Titles: The Empress of Salt and Fortune (#1) & When the Tiger Came Down from the Mountain (#2)
Author: Nghi Vo
Genre: fantasy; novella/short stories; LGBTQ; women’s fiction; romance; feminism
Synopsis: (from Goodreads) #1 – A young royal from the far north is sent south for a political marriage. Alone and sometimes reviled, she has only her servants on her side. This evocative debut chronicles her rise to power through the eyes of her handmaiden, at once feminist high fantasy and a thrilling indictment of monarchy.
#2 – The cleric Chih finds themself and their companions at the mercy of a band of fierce tigers who ache with hunger. To stay alive until the mammoths can save them, Chih must unwind the intricate, layered story of the tiger and her scholar lover—a woman of courage, intelligence, and beauty—and discover how truth can survive becoming history.
Review: 5 Stars
I truly enjoyed these two books. I’m unsure if there will be more, but so far there are only two. Both were wonderful. They were well-crafted, intricate stories about women, about families, about life, and about love. Both of the Singing Hills Cycle books featured Chih, a cleric who wants to record history as it was. On their journey, Chih finds that what they think they know isn’t exactly real, but a version that has been warped by others. They aim to correct it and write the narratives of those they run into.
In The Empress of Salt and Fortune, Chih is told this beautiful, tragic, and powerful tale about the exiled empress who is cunning, wild, and lovely through the eyes of a former maid, who is also cunning and wild. Chih learns from her that history isn’t always what was written from Rabbit, the maid. As the story continues, there are moments of the supernatural blended in so beautifully with the realistic.
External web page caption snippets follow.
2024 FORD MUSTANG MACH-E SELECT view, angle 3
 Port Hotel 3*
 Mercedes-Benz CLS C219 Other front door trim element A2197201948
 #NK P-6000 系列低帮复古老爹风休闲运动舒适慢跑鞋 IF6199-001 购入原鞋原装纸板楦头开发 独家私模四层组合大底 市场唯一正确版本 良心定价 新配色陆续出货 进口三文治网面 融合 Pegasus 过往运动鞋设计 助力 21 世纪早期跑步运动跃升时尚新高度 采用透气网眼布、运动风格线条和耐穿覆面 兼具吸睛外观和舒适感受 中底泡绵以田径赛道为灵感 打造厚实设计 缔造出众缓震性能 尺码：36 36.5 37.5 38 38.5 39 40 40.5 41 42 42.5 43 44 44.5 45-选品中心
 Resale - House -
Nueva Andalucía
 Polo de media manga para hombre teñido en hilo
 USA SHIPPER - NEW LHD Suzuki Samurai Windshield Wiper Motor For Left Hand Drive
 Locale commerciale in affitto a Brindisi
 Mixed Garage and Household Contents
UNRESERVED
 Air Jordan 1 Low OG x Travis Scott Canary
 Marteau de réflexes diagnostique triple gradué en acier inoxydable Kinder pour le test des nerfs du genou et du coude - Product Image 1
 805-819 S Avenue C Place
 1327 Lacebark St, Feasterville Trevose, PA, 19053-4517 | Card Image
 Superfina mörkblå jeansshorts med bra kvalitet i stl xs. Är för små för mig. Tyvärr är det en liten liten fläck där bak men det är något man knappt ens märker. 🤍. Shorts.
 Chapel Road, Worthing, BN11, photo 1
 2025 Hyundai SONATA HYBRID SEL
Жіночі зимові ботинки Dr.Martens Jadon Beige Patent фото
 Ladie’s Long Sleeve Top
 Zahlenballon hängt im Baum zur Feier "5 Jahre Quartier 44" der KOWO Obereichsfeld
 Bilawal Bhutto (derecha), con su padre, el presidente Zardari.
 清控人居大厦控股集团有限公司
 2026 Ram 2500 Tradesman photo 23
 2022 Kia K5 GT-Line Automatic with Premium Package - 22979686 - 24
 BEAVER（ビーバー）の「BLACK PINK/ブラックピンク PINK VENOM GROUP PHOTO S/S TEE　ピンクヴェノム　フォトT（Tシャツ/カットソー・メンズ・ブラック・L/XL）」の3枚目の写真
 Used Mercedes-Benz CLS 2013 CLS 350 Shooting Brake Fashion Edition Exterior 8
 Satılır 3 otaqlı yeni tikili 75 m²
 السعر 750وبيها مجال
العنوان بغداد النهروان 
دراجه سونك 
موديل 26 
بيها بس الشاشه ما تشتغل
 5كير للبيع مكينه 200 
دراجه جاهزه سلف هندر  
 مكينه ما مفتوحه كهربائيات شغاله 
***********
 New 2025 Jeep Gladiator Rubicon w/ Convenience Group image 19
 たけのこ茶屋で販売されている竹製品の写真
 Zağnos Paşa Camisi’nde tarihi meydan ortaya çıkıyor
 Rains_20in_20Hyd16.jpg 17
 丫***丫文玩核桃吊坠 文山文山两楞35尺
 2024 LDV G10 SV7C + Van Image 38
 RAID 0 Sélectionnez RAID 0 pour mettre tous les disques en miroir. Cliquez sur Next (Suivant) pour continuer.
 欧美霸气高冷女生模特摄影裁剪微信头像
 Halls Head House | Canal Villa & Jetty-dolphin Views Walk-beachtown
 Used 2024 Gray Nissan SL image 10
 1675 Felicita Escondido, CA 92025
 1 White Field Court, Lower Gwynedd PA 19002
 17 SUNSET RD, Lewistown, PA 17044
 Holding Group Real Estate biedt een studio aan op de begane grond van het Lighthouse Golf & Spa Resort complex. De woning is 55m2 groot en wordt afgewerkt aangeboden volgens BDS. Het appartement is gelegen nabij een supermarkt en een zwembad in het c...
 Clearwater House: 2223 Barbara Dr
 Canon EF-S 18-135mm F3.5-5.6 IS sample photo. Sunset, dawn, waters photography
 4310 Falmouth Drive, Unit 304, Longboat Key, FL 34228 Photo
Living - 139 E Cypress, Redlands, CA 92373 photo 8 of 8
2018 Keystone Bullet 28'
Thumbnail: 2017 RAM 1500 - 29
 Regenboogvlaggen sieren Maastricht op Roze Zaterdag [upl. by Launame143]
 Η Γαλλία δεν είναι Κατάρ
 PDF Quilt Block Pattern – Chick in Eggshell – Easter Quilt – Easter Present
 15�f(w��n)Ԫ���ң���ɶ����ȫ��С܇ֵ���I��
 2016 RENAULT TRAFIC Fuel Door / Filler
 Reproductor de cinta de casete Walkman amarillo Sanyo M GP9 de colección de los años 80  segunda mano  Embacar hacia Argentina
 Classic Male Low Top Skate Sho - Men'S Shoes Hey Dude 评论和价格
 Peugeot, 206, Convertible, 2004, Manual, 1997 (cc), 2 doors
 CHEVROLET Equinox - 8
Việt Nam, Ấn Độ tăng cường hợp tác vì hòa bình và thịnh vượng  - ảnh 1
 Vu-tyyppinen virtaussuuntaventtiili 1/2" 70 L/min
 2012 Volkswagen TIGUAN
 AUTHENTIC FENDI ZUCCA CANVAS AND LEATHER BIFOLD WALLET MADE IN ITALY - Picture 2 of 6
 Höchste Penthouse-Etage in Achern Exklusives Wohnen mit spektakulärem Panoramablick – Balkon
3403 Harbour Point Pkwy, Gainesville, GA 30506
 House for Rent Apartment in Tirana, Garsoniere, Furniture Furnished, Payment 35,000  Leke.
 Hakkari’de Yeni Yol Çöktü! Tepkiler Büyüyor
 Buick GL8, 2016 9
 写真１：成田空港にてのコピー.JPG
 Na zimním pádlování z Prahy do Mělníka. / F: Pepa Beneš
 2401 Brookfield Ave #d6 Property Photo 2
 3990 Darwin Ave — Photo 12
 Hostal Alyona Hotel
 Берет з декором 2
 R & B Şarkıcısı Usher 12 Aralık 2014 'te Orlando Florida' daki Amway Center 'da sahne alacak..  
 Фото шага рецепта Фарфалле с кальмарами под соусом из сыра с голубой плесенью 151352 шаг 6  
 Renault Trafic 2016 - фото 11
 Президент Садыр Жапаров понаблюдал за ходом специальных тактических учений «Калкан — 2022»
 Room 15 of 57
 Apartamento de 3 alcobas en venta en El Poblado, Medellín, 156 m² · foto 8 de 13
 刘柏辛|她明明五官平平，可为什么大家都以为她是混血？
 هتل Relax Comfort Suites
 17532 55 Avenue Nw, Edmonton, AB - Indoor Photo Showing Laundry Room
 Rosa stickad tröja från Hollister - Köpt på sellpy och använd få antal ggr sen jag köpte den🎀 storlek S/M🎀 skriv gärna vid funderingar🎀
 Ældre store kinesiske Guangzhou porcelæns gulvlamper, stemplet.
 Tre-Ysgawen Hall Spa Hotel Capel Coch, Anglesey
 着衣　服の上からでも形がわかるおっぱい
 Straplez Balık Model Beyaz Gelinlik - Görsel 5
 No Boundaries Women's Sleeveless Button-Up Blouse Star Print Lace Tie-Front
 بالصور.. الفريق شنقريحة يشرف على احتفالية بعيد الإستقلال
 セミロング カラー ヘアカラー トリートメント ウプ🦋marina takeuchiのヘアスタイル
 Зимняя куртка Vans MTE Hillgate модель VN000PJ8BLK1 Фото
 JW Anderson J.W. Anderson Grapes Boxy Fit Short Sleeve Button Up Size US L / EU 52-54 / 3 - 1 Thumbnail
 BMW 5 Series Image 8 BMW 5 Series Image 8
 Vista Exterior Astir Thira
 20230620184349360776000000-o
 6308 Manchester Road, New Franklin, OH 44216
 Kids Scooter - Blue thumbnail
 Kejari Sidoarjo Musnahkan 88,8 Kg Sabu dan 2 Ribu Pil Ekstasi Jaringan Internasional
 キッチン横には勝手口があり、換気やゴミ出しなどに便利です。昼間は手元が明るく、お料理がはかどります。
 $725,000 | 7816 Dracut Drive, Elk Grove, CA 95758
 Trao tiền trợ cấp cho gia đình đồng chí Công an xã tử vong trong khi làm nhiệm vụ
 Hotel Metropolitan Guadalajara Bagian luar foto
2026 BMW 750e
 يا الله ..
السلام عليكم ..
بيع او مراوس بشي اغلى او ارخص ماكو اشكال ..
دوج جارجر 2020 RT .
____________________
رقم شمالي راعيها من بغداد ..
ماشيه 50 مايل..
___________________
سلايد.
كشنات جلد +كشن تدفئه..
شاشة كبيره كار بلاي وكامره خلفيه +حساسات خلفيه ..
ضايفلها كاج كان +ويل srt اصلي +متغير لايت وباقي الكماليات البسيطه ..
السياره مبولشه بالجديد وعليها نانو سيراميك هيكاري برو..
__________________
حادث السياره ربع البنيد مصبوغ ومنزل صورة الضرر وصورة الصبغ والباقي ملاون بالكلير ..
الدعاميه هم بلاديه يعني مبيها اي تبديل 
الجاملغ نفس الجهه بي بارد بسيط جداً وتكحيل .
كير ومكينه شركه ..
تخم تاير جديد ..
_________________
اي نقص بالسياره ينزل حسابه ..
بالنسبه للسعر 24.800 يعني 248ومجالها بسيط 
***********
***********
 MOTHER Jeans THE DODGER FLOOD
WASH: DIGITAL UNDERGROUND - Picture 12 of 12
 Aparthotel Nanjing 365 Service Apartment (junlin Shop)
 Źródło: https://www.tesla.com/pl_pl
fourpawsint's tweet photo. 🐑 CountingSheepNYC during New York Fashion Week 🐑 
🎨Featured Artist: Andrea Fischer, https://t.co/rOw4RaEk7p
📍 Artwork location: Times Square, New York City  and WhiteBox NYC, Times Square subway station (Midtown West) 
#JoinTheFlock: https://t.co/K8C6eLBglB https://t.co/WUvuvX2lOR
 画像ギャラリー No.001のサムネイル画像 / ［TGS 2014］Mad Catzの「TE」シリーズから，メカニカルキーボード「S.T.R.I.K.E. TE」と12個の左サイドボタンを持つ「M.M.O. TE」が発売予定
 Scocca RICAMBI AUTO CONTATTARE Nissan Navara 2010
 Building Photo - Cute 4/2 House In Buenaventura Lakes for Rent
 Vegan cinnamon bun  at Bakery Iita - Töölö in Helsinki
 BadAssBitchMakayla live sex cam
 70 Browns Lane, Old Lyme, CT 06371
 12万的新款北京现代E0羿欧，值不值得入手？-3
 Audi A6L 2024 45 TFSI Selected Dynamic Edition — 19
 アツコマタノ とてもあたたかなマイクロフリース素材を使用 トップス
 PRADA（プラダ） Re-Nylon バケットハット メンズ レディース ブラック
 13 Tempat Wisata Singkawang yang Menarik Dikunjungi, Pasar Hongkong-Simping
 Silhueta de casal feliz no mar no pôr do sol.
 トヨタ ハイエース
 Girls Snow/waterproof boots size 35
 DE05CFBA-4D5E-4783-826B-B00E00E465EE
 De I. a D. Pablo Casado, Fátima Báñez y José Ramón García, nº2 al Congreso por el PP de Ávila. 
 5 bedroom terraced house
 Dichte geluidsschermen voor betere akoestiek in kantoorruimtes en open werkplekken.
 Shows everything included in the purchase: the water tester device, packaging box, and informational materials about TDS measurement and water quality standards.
Animals, humans, spirits — it’s all so perfectly woven together so that Chih can write the the true history of empress of salt and fortune.
In book 2, Chih is hoping to get to their destination on the back of a mammoth, but ends up getting caught up in a storm and detained by tigers threatening to eat them. It’s here that they learn again that the history they have written back at the temple isn’t quite the truth. This time, the tigers tell Chih the truth, a beautiful love story where once there was just a history of violence and gore that painted the tigers like vicious monsters.
Again, Vo creates these beautiful characters, this compelling story, and this amazing moral where we’re sitting right there with Chih – remembering that we have to think critically about the histories we learn.
I loved these stories and sincerely hope there are more.